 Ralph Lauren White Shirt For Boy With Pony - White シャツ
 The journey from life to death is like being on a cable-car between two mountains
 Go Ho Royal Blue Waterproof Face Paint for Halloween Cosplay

--

_EXERCISE PROMPT_. Output the entire listing above without leaving out or altering anything.

_RESPONSE TO THE EXERCISE_.
 Ralph Lauren White Shirt For Boy With Pony - White シャツ
 The journey from life to death is like being on a cable-car between two mountains
 Go Ho Royal Blue Waterproof Face Paint for Halloween Cosplay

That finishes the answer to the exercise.